Posted April 16th, 2009 by Harold Ford, in HRMG Solutions news, Payroll Related News, Relevant Sites

We have all heard about the Recovery Act that was passed by Congress and signed into law by President Obama, and part of this act represented a Federal Income Tax decrease for most Americans. I wanted to share a true story that occurred yesterday that represents the real effect this is having on people.

tax-money

As some of you are aware, I’m a business consultant that helps companies build better strategies in their HR and Payroll departments. A lot of times this means discussing big picture ideas with CEO’s and CFO’s, and sometimes it means having a dialogue with an employee in an organization. Such was the case yesterday.

I visited a client of mine yesterday, and the VP of Finance informed me that there was an employee who was upset with her paycheck, and was specifically concerned with the amount of Federal Income Tax being withheld. I was asked to look into the issue to determine the correct course of action. I sat down and reviewed the employee’s paychecks from 2008, first quarter of ‘09, and the most recent check that was given to her. This employee makes about $700 biweekly ($350/week) as a part-time janitor. She has some pre-tax deductions, taking their taxable Federal wage to about $640. I sat down and began doing the tax table math on this person’s check to see if it was indeed out of the ordinary.

What I found, much to the employee’s surprise, was a dramatic change in the person’s net pay (for the better). Applying the federal tables of 2008 to $640 of biweekly wages with a filing status of married, no exemptions represents a $33.23 federal tax withholding. Applying the new Recovery Act tables, the withholding is now $3.42. ‘Surely this is too low!’ the employee claimed, ‘I’m going to owe a lot at tax time next year!’. Not so. Indeed, this person is keeping approximately $30 per pay, or $775 this year. They were extremely happy that I shared this calculation with them.

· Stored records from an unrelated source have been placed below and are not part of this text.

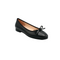 Women’s Brunella Flat Shoes in black leather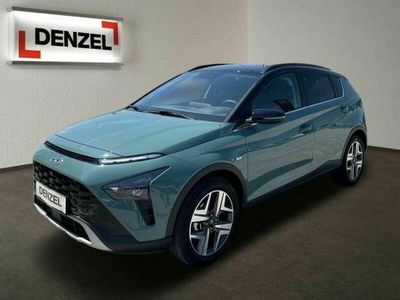 gebraucht Hyundai Bayon 119 PS, 5 Türen, Benzin, Automatik | Jungwagen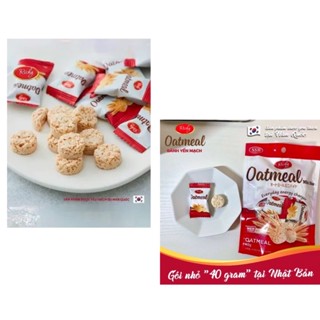Oatmeal bánh Yến mạch Richy 40g
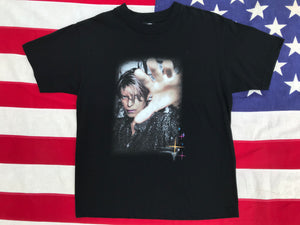 David Bowie “ Reality Tour 2003-04 “ Original Vintage Rock T-Shirt by Acme Merchandising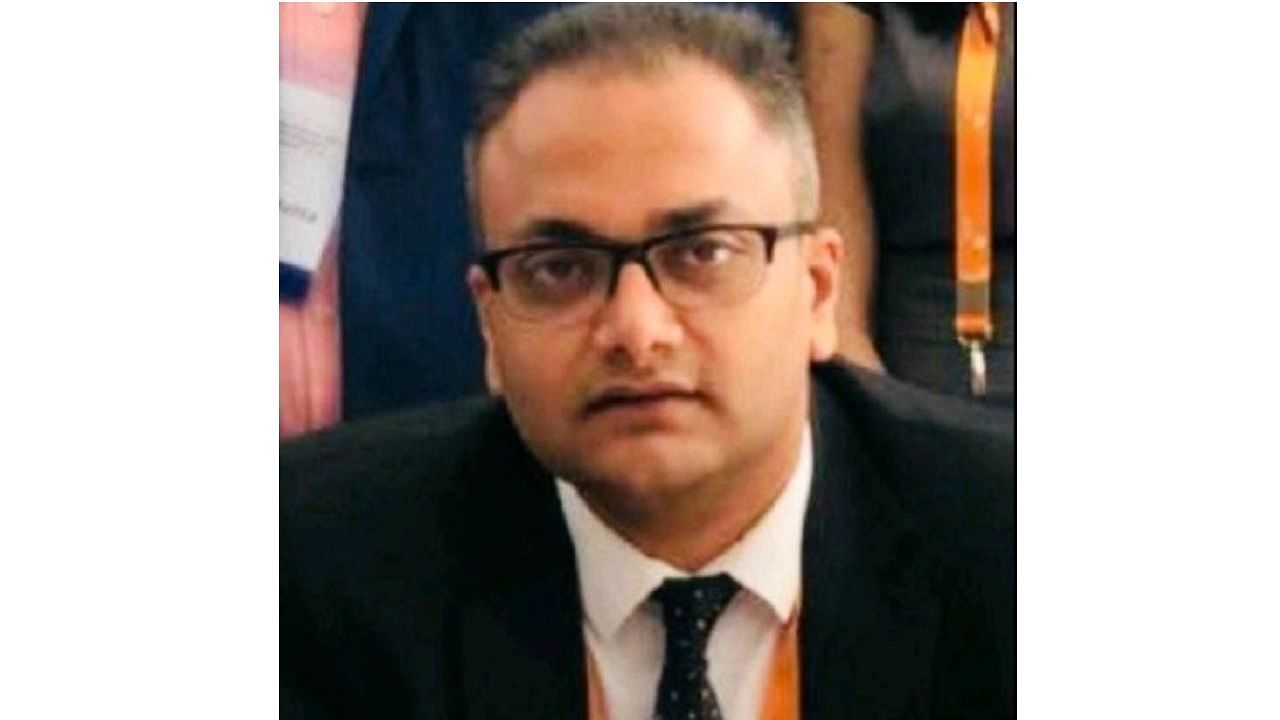 Vivek Ramji Iyer, Partner and National Leader Financial Services, Grant Thornton Bharat. Credit: LinkedIn / Vivek Ramji Iyer 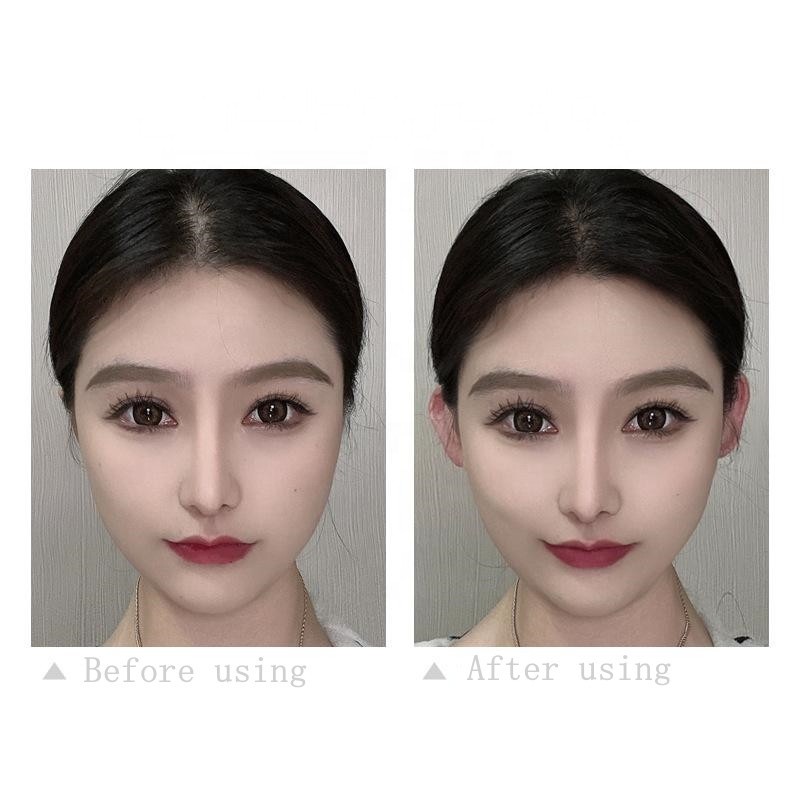 Clear/Frosted Elf Ear Stickers Stand Ear Stereotypes V-Face Stickers Separate Ears Correction Stickers Send Alcohol Cotton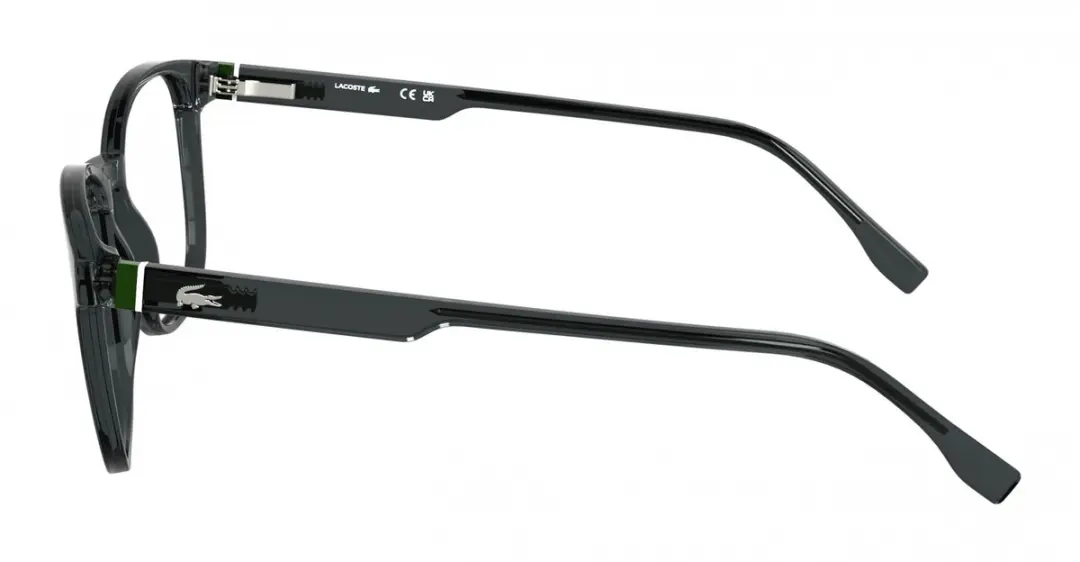 Lacoste L2975 N Brilmonturen - Transparent grey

There is relief happening, and even though it’s not a large, lump sum check (like the one we received last year), it is significant. For someone that takes home approximately $550-600 per pay, an extra $30 goes a long way. This is happening all over the country, as most Americans are experiencing larger net paychecks. Even my net pay was increased by $40 per month. And although that difference isn’t enough to make anyone a millionaire, it’s enough to help pay bills, buy groceries, or even go out to dinner for an evening. With rising costs in almost every good and service around, that money will go a long way.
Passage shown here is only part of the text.